United has made no secret of its plans to dominate Newark airport, having recently shifted the last of its flights to New York’s Kennedy airport to its New Jersey hub and investing heavily in upgrades to Newarks’s Terminal C.
Maybe the airline should have been more circumspect in its quest for all-out dominance, because the Department of Justice has filed a lawsuit to block the next phase in United’s master plan to increase its presence at Newark.
On November 10, the DOJ announced that it had filed suit to challenge United’s planned acquisition of more Newark landing slots from Delta:
The Antitrust Division’s lawsuit, filed in the U.S. District Court for the District of New Jersey in Newark, New Jersey, alleges that United’s planned acquisition of 24 takeoff and landing slots at Newark would increase United’s already dominant position at the airport, and would strengthen a barrier that diminishes the ability of other airlines to challenge United at the airport. As a result, the 35 million air passengers who fly into and out of Newark every year likely would face higher fares and fewer choices.
According to the DOJ, United already controls 73 percent of the available slots at Newark, more than 10 times the market share of any of its competitors at the airport. There’s no hard and fast rule specifying when a company’s market share becomes anti-competitive, but United’s share at Newark certainly invites anti-trust scrutiny. And in this case, as rarely happens, that scrutiny led to action by the DOJ.
Preventing United from acquiring Delta’s slots won’t forestall United’s creation of a near-monopoly at Newark.

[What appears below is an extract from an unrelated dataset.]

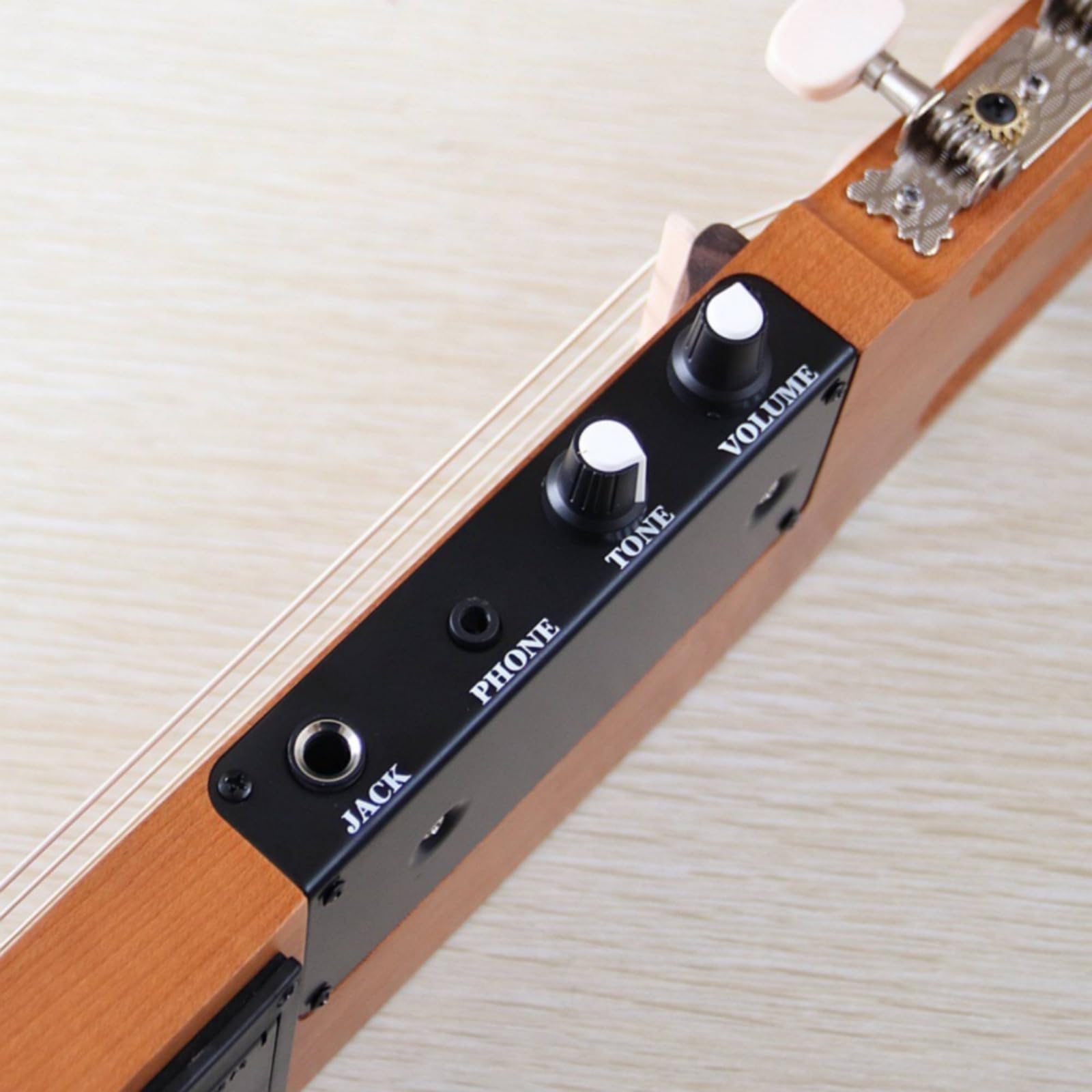predolo Faltgitarre faltbar silent guitar kompakt kopflos Gitarre für Gitarrenschüler, Musiker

That’s already happened. But it’s a line in the sand that needed to be drawn.
The bigger story here concerns consolidation not just at Newark airport but across the airline industry as a whole. Despite a few token warnings about the dangers of declining competition in the run-up to recent mergers, the federal government has been complicit in the industry’s degeneration from the Big Ten airlines to the Big Four, which now control around 80 percent of domestic seats.

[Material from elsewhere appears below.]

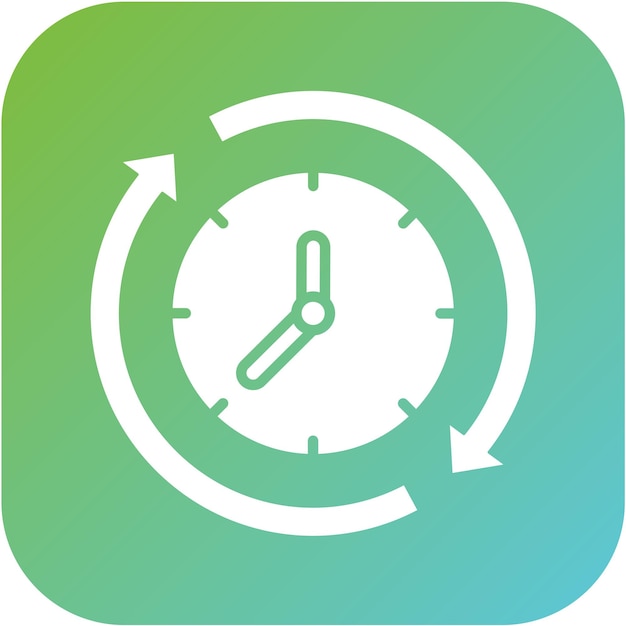 Estilo del icono del ciclo de diseño vectorial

As a result, airfares are up, and airline profits have soared, even as customer satisfaction has bottomed out.
The mergers can’t be undone; which leaves us with a consolidated industry in ever-greater need of government oversight. Scrutiny. Lines in the sand. Regulatory action to maintain competition. The DOJ has its work cut out for it.
Reader Reality Check
Have we allowed too much market power to be consolidated in the hands of too few airlines?